In the wake of a 2019 dominated by Brexit headlines and a 2020 consumed by the coronavirus pandemic, the significance of innovative startups and adaptive SMEs in the UK’s economy has been highlighted especially.
Making up 99.9% of the business population, accounting for three fifths of employment and contributing to more than half of the annual turnover in the private sector, SMEs are a crucial component in the British business landscape.
And in the wake of a wave of increased restrictions and cuts brought about by Brexit and the Covid-19 pandemic, dynamic, reactive early stage SMEs in particular have never been praised so highly, with those operating in the tech sector at the front of the queue.
The ‘digital revolution’ that we’re now witnessing as a result of rapid technological adoption - accelerated by the pandemic - has forced the growth of a host of forward thinking, flexible SMEs, in turn bringing with them a range of high growth EIS investment opportunities.

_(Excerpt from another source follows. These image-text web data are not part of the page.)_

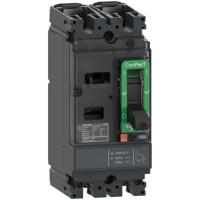 c10m2tm050 Schneider Electric, ComPacT MCCB 2P 50A, Breaking Capacity 25 kA, Fixed Mount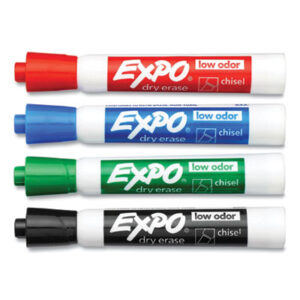 Dry Erase; Dry Erase Markers; EXPO; Four-Color Set; Markers; SANFORD; Writing; Utensil; Arts; Crafts; Education; Schools; Classrooms; Teachers; Students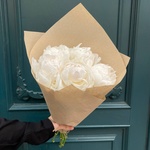 Букет из белых пионов в Санкт-Петербурге - Фотография 6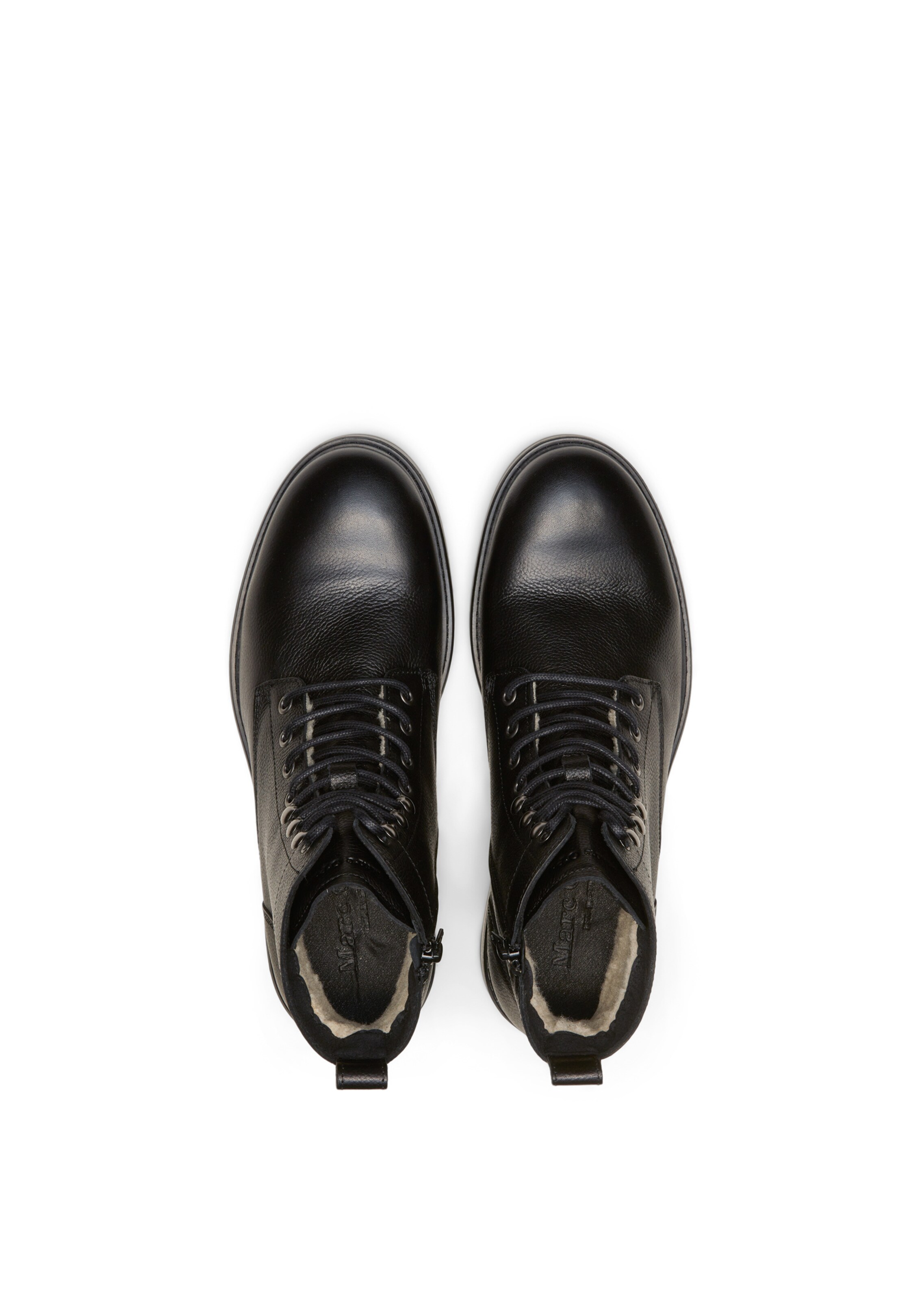 Marc O'Polo Lace-Up Boots in Black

This growth in demand for innovative tech companies has not just meant positive news for business owners, but for the venture capitalists invested in them, too.
With tech businesses making up six of the top ten fastest growing UK companies of 2020, EIS investors who committed capital into innovative tech opportunities throughout the pandemic are witnessing share values bolster as their portfolio companies move closer to exit.
This growth shows no sign of slackening off, with many predicting the past decade’s rising EIS figures (that saw 2,585 applications granted in the 2019/20 tax year) could be set to continue following further government support put forward in the 2021 Budget.
In the Budget, the Chancellor expressed his plans to maintain the growth of young tech companies in the UK, pledging £375 million to the ‘Future Fund Breakthrough’ as well as introducing a host of digitally-oriented initiatives, including the ‘Help to Grow: Digital’ scheme, set up with the goal of up-skilling the tech ability of young SMEs.
Naming just a handful of the new policies pledged, the increased governmental support will not just nurture the UK SME sector as it looks to stand back on it’s own two feet, but will help to fuel the further growth of the already thriving tech sector, opening up with it the next wave of high growth, tax efficient investment opportunities.
Emerging from the pandemic with a renewed sense of normality and a shared vision to ‘build back better’ with the help of the nation’s valued SME innovators, 2021 could be the jewel in the crown for EIS investors looking to benefit from some of the most lucrative tax reliefs available with venture capital.